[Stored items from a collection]
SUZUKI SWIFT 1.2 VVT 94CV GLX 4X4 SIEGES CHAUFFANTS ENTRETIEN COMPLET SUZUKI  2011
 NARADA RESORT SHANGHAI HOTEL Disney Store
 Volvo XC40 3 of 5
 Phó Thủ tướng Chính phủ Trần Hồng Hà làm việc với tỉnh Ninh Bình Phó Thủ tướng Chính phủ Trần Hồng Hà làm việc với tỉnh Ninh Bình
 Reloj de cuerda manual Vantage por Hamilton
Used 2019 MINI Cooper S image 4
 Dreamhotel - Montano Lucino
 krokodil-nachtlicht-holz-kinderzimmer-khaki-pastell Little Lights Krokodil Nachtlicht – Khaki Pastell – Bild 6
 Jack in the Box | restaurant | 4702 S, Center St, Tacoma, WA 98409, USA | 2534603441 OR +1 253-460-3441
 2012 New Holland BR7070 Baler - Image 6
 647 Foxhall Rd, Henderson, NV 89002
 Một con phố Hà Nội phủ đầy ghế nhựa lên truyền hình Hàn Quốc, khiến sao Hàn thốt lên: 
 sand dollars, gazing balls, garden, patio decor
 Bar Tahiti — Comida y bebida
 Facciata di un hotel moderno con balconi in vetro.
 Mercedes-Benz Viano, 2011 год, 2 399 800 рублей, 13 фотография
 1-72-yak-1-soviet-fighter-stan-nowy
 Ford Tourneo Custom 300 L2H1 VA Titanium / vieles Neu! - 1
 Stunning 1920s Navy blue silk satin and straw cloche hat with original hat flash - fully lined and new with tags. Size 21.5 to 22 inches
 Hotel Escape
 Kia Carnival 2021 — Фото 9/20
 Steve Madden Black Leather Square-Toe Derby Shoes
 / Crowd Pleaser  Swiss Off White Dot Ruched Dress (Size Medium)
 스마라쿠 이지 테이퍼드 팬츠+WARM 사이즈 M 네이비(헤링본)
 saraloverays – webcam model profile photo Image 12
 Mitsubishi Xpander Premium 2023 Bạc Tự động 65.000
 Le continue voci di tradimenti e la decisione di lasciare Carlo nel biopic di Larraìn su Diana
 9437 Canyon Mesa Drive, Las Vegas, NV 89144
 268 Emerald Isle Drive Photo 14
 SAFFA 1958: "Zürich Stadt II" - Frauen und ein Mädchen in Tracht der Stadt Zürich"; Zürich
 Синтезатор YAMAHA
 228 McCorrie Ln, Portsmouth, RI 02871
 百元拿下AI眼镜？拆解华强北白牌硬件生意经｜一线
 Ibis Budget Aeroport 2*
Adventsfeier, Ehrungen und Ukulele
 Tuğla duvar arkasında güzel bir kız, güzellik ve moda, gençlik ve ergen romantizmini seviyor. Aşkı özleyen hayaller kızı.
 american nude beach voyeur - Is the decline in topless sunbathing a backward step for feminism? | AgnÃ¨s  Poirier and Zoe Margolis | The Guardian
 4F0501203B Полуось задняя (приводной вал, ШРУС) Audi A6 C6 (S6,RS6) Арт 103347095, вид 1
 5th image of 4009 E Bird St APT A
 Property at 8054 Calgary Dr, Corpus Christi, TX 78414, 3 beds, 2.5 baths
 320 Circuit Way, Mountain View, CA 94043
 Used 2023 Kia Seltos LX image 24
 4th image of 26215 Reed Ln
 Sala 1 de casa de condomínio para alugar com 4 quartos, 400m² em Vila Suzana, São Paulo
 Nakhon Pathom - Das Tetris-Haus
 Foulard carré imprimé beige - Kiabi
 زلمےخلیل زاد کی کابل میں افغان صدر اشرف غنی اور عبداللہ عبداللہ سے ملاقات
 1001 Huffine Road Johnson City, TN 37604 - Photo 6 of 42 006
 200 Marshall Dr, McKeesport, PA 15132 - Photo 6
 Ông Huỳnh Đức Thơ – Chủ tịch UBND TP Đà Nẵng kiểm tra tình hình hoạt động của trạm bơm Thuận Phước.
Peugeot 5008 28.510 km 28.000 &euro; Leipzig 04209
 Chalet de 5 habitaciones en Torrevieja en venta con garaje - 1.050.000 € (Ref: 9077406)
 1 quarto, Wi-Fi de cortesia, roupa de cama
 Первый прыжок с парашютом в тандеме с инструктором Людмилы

EXERCISE INSTRUCTIONS -> Please output the line that contains "Foulard carré imprimé beige - Kiabi" and every line after it in the entries above, exactly, and nothing more.

FINAL ANSWER ->
 Foulard carré imprimé beige - Kiabi
 زلمےخلیل زاد کی کابل میں افغان صدر اشرف غنی اور عبداللہ عبداللہ سے ملاقات
 1001 Huffine Road Johnson City, TN 37604 - Photo 6 of 42 006
 200 Marshall Dr, McKeesport, PA 15132 - Photo 6
 Ông Huỳnh Đức Thơ – Chủ tịch UBND TP Đà Nẵng kiểm tra tình hình hoạt động của trạm bơm Thuận Phước.
Peugeot 5008 28.510 km 28.000 &euro; Leipzig 04209
 Chalet de 5 habitaciones en Torrevieja en venta con garaje - 1.050.000 € (Ref: 9077406)
 1 quarto, Wi-Fi de cortesia, roupa de cama
 Первый прыжок с парашютом в тандеме с инструктором Людмилы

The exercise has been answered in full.